Re: [Condor-users] Condor Security

[Bruce Beckles <mbb10@xxxxxxxxx>]

On Wed, 7 Sep 2005, Matt Hope wrote:

<snip>
> Really hacky but I think should work for per machine blocking.
>
> Place firewall between the negotiator/collector machine, you then
> block their ports.
> You then have to manually allow the execute and schedd machines
> (though adding a machine as one implicitly adds it as another.
>
> Like I said hacky but in your complete control.

Of course, this relies on you having control over the IP addresses of 
machines on your network, or having a network on which IP address 
"spoofing" is impossible.  That's a lot harder than it sounds, since these 
days even the script kiddies know how to spoof BOTH IP addresses *AND* 
ethernet hardware (MAC) addresses.  (David: If your university is anything 
like ours, then IP address spoofing will be rampant anyway...)

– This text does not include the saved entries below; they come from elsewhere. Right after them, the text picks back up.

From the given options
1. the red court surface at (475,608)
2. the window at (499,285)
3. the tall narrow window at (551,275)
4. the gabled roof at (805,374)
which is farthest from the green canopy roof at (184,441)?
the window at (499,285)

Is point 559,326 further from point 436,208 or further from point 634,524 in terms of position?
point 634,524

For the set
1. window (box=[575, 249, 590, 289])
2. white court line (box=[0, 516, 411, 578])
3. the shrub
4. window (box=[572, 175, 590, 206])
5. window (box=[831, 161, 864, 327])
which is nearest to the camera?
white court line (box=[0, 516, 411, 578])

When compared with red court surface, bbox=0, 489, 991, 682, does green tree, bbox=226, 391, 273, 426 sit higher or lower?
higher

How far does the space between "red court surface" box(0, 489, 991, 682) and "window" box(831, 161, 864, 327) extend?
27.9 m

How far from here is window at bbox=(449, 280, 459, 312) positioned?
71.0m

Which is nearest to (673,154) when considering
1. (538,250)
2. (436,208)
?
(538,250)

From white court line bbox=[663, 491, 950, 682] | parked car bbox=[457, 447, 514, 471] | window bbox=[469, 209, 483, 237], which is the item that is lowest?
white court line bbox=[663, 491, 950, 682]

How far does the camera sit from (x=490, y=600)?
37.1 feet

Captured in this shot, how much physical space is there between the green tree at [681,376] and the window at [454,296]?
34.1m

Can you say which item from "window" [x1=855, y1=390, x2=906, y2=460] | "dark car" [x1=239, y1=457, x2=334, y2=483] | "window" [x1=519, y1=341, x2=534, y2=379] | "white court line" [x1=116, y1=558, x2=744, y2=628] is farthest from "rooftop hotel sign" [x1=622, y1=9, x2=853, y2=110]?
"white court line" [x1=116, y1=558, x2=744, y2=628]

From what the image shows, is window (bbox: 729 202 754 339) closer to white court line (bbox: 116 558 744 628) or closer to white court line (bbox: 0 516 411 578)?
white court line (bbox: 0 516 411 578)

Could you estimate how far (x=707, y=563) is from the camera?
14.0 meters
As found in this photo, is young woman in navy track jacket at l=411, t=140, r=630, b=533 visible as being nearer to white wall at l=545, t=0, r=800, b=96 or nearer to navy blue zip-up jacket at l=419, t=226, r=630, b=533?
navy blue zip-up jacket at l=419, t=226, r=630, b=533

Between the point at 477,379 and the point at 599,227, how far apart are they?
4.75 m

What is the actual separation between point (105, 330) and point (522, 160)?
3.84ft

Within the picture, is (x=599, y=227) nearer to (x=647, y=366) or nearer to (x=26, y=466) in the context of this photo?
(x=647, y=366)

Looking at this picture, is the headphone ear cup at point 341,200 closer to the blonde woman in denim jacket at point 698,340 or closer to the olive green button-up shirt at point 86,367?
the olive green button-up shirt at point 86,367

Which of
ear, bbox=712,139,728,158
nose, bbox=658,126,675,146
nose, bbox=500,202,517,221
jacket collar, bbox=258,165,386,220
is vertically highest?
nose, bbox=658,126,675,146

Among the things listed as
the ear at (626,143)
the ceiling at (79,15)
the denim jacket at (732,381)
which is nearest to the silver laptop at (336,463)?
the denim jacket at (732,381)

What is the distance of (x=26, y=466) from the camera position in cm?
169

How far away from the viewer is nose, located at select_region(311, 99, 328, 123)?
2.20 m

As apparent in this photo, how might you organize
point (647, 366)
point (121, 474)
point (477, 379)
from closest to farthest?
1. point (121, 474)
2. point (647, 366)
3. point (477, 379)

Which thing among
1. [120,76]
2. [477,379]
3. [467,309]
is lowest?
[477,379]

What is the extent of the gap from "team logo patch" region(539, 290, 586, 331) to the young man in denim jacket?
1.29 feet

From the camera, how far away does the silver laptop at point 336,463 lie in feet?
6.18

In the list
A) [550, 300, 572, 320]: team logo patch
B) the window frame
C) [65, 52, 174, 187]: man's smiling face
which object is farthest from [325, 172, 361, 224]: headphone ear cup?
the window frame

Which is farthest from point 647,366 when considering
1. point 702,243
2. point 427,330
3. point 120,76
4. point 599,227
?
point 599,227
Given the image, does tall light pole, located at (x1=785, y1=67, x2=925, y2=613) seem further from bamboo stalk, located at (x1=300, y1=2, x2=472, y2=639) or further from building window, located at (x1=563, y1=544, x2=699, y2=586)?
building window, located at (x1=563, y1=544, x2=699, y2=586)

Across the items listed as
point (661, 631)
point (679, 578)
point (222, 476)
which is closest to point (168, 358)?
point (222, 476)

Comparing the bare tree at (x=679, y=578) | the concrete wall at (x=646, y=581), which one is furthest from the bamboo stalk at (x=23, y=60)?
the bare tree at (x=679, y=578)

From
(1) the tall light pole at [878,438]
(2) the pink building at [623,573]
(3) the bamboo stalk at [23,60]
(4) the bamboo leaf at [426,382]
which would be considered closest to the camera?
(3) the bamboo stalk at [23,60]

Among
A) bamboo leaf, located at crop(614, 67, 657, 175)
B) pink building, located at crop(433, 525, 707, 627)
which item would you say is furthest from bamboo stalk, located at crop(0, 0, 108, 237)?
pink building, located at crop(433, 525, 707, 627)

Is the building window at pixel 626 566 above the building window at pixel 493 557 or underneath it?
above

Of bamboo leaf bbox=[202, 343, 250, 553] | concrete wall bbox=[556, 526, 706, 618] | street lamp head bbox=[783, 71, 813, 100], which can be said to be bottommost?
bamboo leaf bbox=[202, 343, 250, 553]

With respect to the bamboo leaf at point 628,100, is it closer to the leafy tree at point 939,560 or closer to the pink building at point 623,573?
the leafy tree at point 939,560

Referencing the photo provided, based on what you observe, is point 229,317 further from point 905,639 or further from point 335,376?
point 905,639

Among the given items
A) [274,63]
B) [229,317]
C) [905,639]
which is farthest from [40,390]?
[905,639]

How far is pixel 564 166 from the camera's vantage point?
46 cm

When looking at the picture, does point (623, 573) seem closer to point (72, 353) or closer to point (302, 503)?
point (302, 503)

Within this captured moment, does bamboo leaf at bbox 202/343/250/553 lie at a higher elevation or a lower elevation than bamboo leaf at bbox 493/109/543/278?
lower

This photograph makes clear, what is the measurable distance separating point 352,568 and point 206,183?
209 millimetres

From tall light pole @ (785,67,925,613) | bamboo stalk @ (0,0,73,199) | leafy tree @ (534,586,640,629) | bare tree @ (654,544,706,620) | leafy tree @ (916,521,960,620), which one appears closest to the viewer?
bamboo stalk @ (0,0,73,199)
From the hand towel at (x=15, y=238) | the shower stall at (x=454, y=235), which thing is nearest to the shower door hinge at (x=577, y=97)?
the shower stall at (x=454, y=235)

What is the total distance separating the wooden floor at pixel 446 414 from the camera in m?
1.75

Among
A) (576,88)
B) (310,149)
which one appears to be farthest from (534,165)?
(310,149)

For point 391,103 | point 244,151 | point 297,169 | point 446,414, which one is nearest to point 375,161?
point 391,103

> per user blocking is rather more tricky. traditionally within condor
> that is done on a per execute machine basis (i.e. via the START
> expression for the startd...

If you can restrict your execute machines to accept jobs *only* from your 
submit machines, AND you tightly control access to those submit machines, 
then you can do per user restrictions at the submit machine end.  Since 
usually execute machines outnumber submit machines (or are the same as the 
submit machines), it might be easier to do user access control at the 
submit machine end than on the execute machines.

David: It's hard to say very much without a clearer idea of how your pool, 
and the underlying network, is set up.  If you don't want to talk about 
that on this mailing list then I'm happy to take this discussion off list, 
if you feel that would be useful.

	-- Bruce

--
Bruce Beckles,
e-Science Specialist,
University of cambridge Computing Service.